Not only that, but it happened in 1996 too! A one in 268 probability of occurring by chance!
And in 1992! A one in 5007 probability of being due to chance!
And in 1998! A one in 49,827 probability of being due to chance!
Er, that's funny, what happened in 2000? Oh, here it is - yes, polls were wrong again! Only 1 in 3 probability this time, though.
But get this - they all made the same error! Yes, that's right, they all over estimated the Democratic vote! Even in 2000.
So what can we conclude from this?
Read on.....
What this tells us is that in every single one of the last five elections, the exit polls have consistently over-estimated the Democratic vote, significantly so (regarding 1 in 20 as "significant", an arbitrary criterion adopted by social scientists) in every year except 2000.

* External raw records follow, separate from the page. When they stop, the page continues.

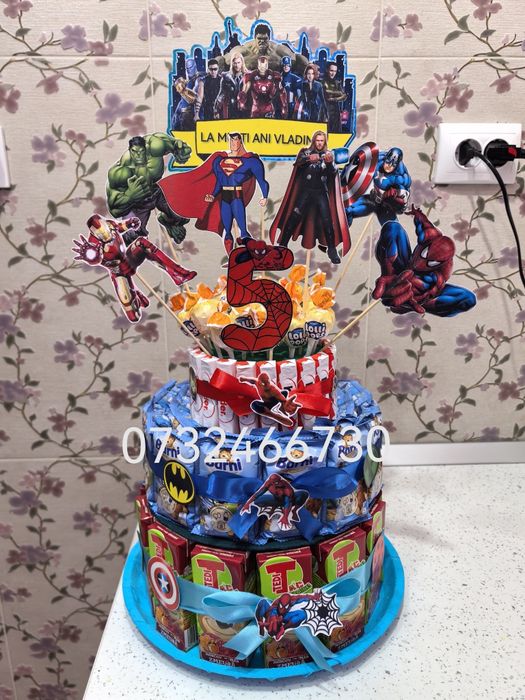 Decorațiuni tort din dulciuri ambalate cu personaje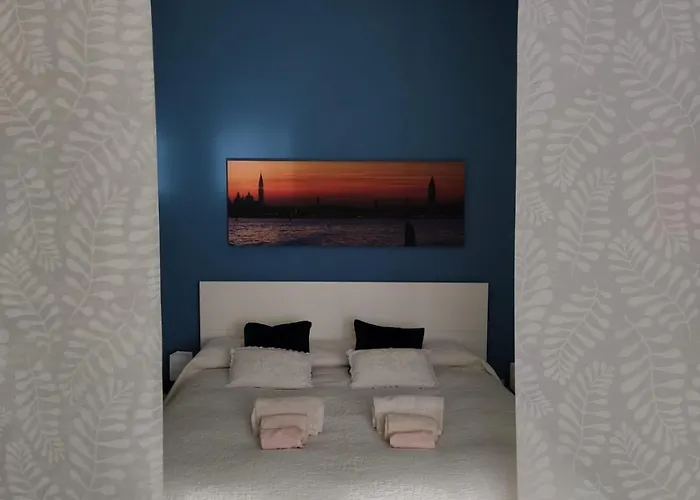 With Children In Venice Apartment *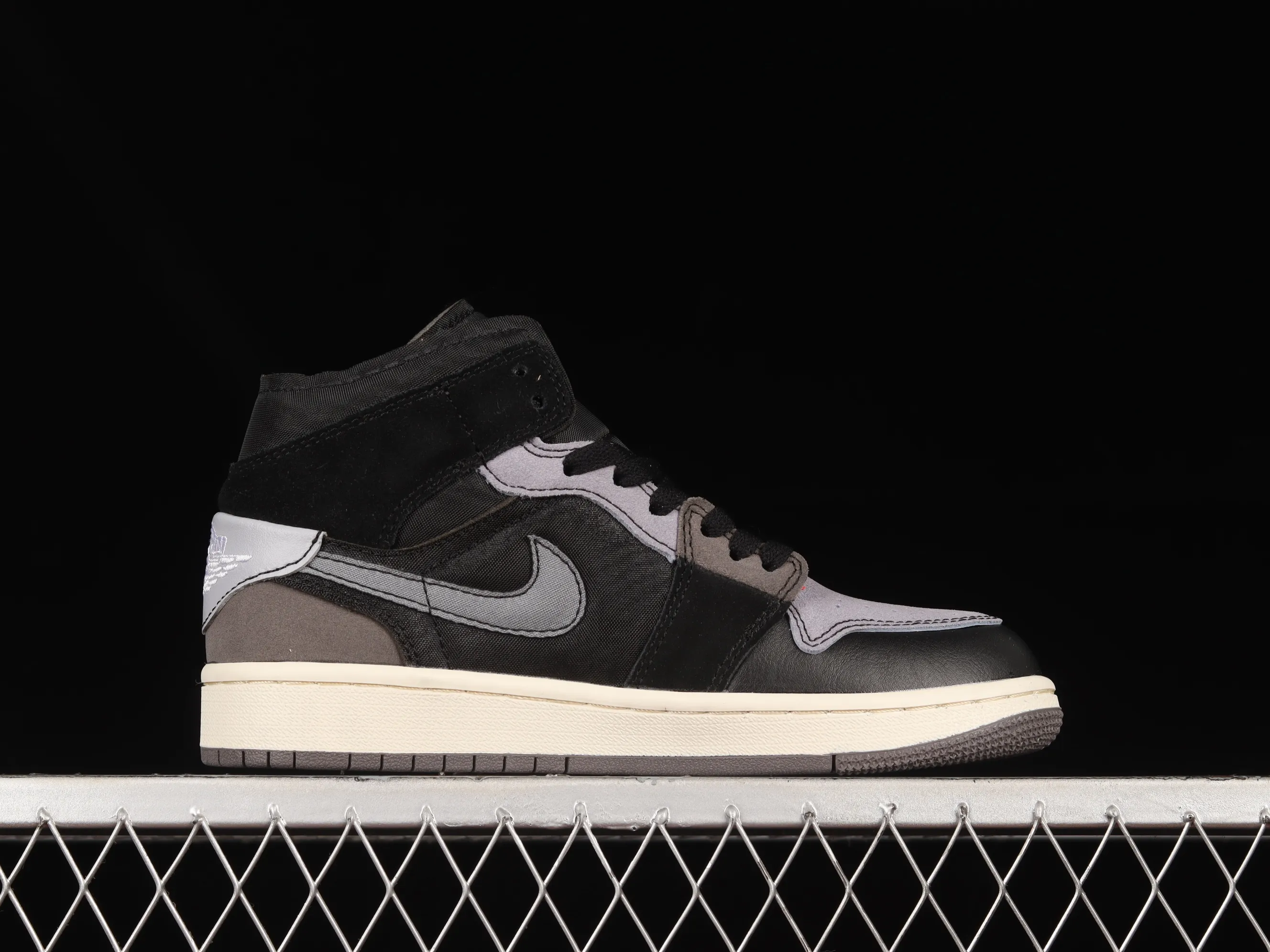 All categories Air Jordan Jordan series basketball shoes Air Jordan 1 Mid Air Jordan 1 Mid "Inside Out" AJ1 Joe 1 reverse black and gray China basketball shoes DM9652-001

So the next question to ask is: was the over-estimate significantly greater in 2004?
Another preliminary way of asking the question is to say: does the degree of Democratic overe-estimate vary significantly from year to year? We can do this using a repeated-measures ANOVA (analysis of variance), and the answer is yes: there are significant differences between years in the amount of Democratic over-estimate in the polls (probability of this being a chance finding? One in a billion, since you ask).
So we then ask: was this year significantly out of line? So we perform a "planned comparison" and compare 2004 with all previous years. And yes, this year was worse. Significantly worse. There is a one in 30,000 probability that this year would have been different just by chance. However, if we look at the "least significant difference" i.e. compare this year with the worst of the four previous years, we find that this year was not significantly worse than 1992. 1992 was however, significantly worse than the remaining three years (2000, 1996 and 1998). Probability value for this 1992 being worse than the other three years simply by chance? 1 in 19 million.

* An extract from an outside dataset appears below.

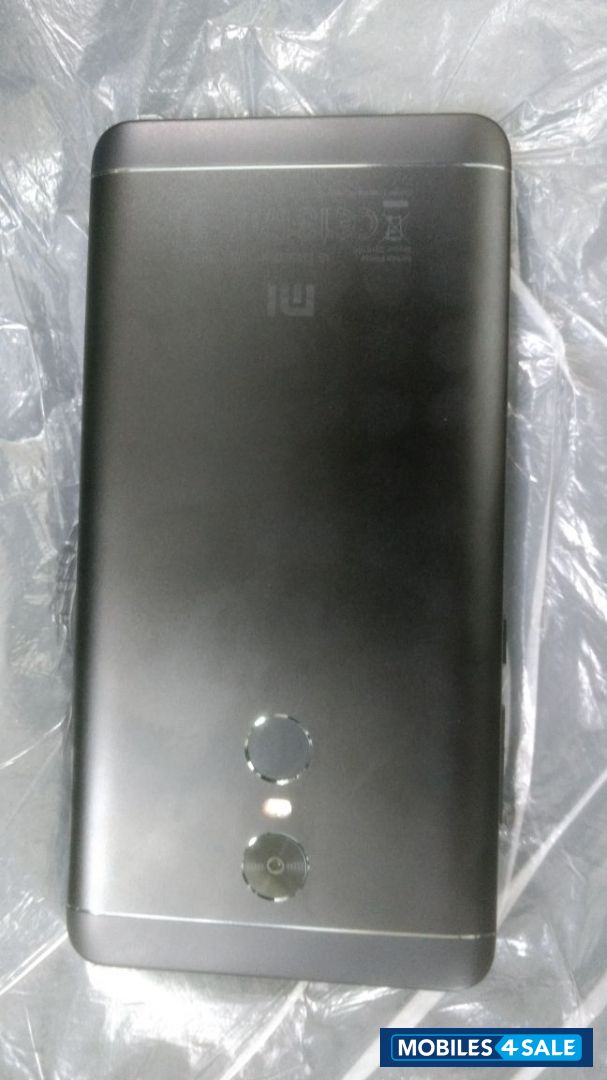Black Xiaomi Redmi Note 4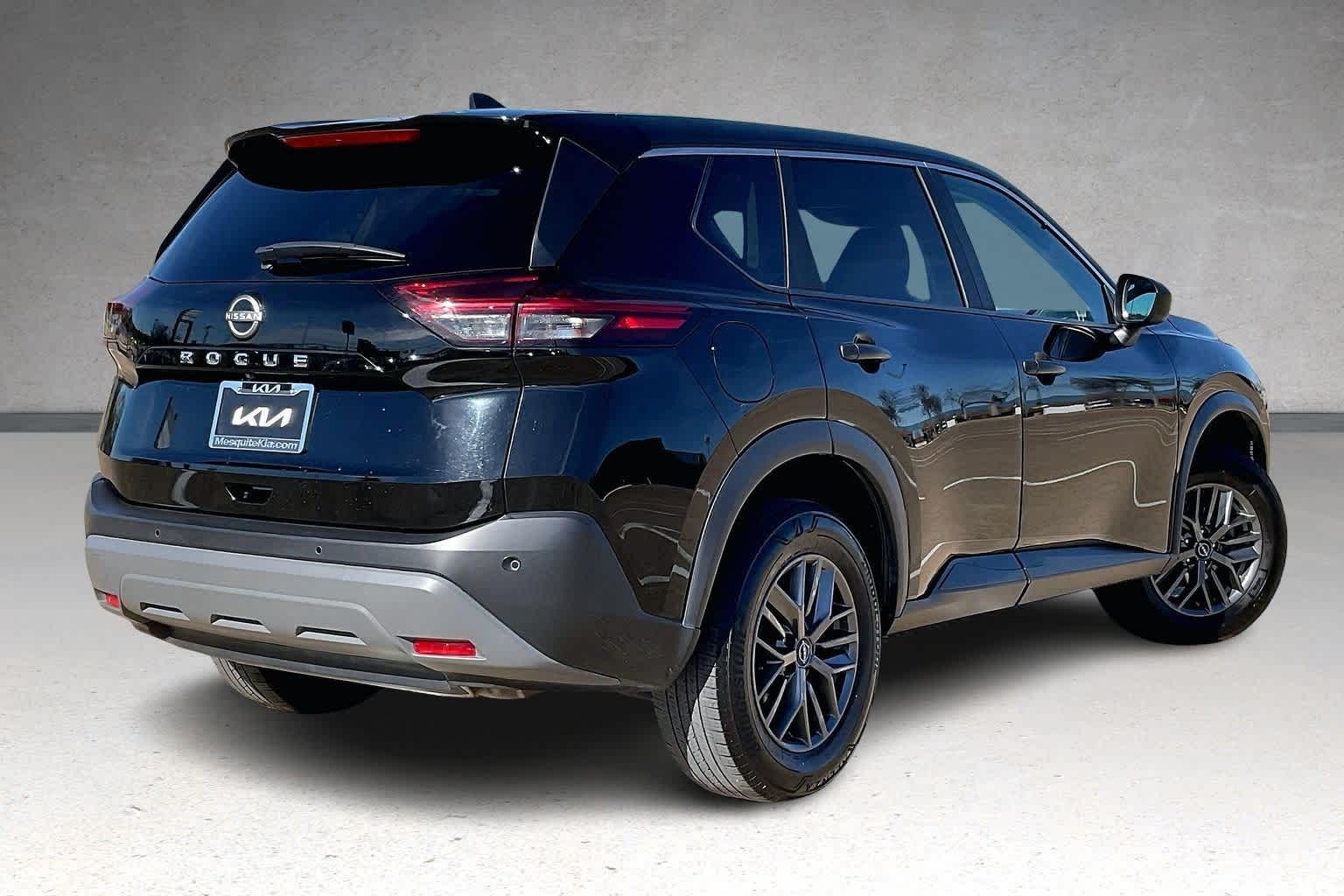 Thumbnail: 2023 Nissan Rogue - 21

I hope the question you are now asking yourselves (those of you who are not acquainted with the weird and whacky quirks of parametric statistics) is:
How come the Democratic overestimate 2004 was significant at a probability of 1 in nine million, but was not significantly worse than the Democratic overestimate in 1992 which was significant at a probability of only one in five thousand?

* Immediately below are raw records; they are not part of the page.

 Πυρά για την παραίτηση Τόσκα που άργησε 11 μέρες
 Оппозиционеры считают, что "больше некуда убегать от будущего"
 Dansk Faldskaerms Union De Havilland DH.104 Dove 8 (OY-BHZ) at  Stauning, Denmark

Well the partial answer is that probability values are a very poor proxy for effect size. The probability value tells you how confident you can be that the difference was not due to chance. It does not tell you the size of the difference. The mean "within precinct error" (WPE - the difference between the exit poll estimate of the vote and the actual vote for each precinct) in 2004 was -6, (negative value tells you it was a Democratic over-estimate) whereas in 1992 it was -5.11. Not a big difference. However it was more significant in 2004.
To backtrack a bit: there are two sorts of error we are concerned with. One is sampling error. Imagine you have a bag full of red balls and a bag full of blue balls, and you keep selecting ten at a time, at random, and chucking them back in. Let's also say we have a scoring system whereby a red ball gives you a point, but a blue ball knocks a point off. On average you will get five of each colour, and your score will be zero. However, sometimes you will get more of one than the other. However, your average score, over several goes, will be 0. However, say you have a touch of ESP, and you can sense the red colour through your fingertips (or someone has snuck extra red balls into the bag). Sometimes you will still get 4 red ones and 6 blue ones (unless your ESP is really brilliant). Sometimes you will get 7 red ones and 3 blue ones. But the average over your picks will be greater than zero, because you will tend to get more red balls than blue ones.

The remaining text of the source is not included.